In contrast, the author [of this book] strove primarily to fill those gaps left in Lucas's work, that should be of interest not only to the layman, but also the mathematician, and to provide a rigorous and critical treatment of the historic literature thereof. Topics that would seem trivial to the professional, or at least incapable of awakening scientific interest, were excluded. Also scattered throughout this book are numerous topics that cannot be found in any of the above mentioned literature. It will become quickly apparent to the experts of the field that the author has not limited himself to merely reproducing or adapting old theories, but also conducted extensive research of his own, as demonstrated by the meticulous referencing of the background literature throughout the book. Regarding this literary research, the author has spared no efforts and plowed through as much of the literature as was possible, given a permanent position at an official body of a city without even the most modest scientific library. If, despite his efforts, the author has failed to consider all relevant publications, he asks for forgiveness, as the literature in this field is not only very extensive, but is also not always exclusively scientific and thus distributed among many, difficult to access publication organs. As a result, many of the relevant original works lack awareness of prior publications and thus fail to reference or comment on these. In particular the acquisition of chess literature, generally very scarce in public libraries, proved difficult. So I feel obliged to express my gratitude to the "Berliner Schachgesellschaft" and the "Magdeburger Schachclub", both of which granted me full access to their respective libraries. Not being a regular chess player myself, I also owe thanks to senior teacher E Schollwer, a previous president of the "Magdeburger Schachclub", for his guidance on chess technique and literature.
I envisioned this to be a work that is not only accessible to the educated layman, but also covers, however briefly, the most important scientific aspects and links to pure mathematics. Given the fundamental character of most problems, this did not strike me as impossible. Understanding the book at hand should require only rudimentary mathematical knowledge, even though a certain familiarity with the mathematical way of thinking might be an indispensable prerequisite. In order to make the text more accessible, sections which address primarily the expert and the layman is thus advised to skip, are marked by a smaller font. The author freely admits that he might not always have managed to meet the demands of both parties, but asks the reader to appreciate the difficulty of providing a generally comprehensible, yet scientifically thorough treatment of the subject matter.

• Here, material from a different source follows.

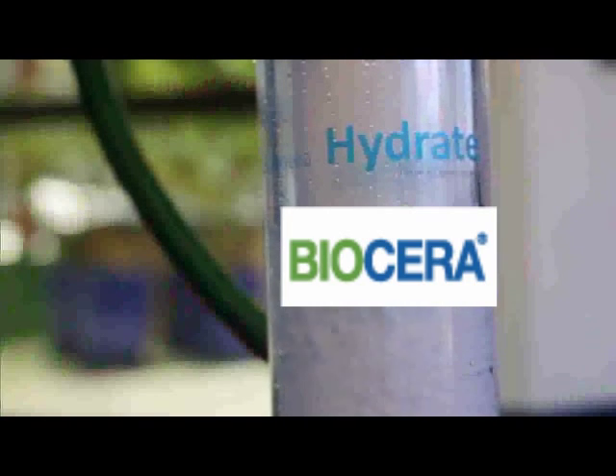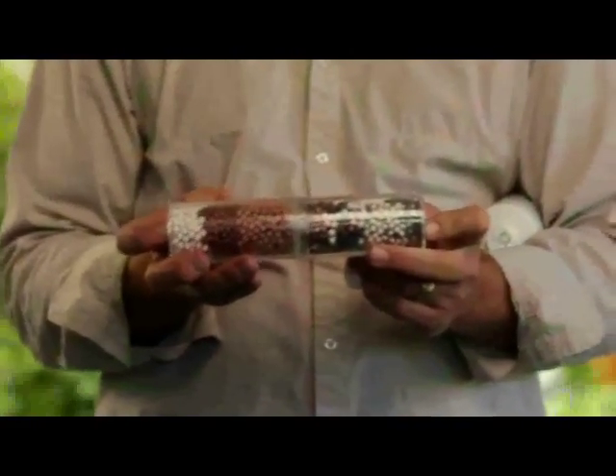Beyond that, we want to enhance the water, and that's where the Hydrate really shines. Using the bioceramics, we can structure the water. Biology wants to move around in the most structured water possible — the more structured the water is, the better the biology can move around.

The extensive literary index attached to the book relies, with regard to the earlier centuries, mainly on the known bibliographies. It contains only the literature that is directly relevant to the topics discussed in the book. As such, publications, such as the extensive literature on the Analysis Situs, are not included if they were not directly used, even though they may be cited in the text. My original intention of including a brief summary of each article cited, later proved impossible given the scale of the work. Instead, included with every citation are the pages of this work, printed in bold, for which the article is relevant. As such, the book itself gives a quick overview of the content of the most significant recently published works. Also in the pursuit of brevity, smaller articles without a special name from the "Educational Times Reprints" or the "Intermédiaire des mathématiciens" etc. were excluded, despite their often great value, unless a suitable place in the text was found in which mention them. Similarly, smaller publications which were later included in larger publications of the same author were excluded. These include, for instance, several small essays of Edouard Lucas's, amongst others - The literary index is followed by a Subject and name index.
I would also like to thank those who have assisted me with the editing of my work.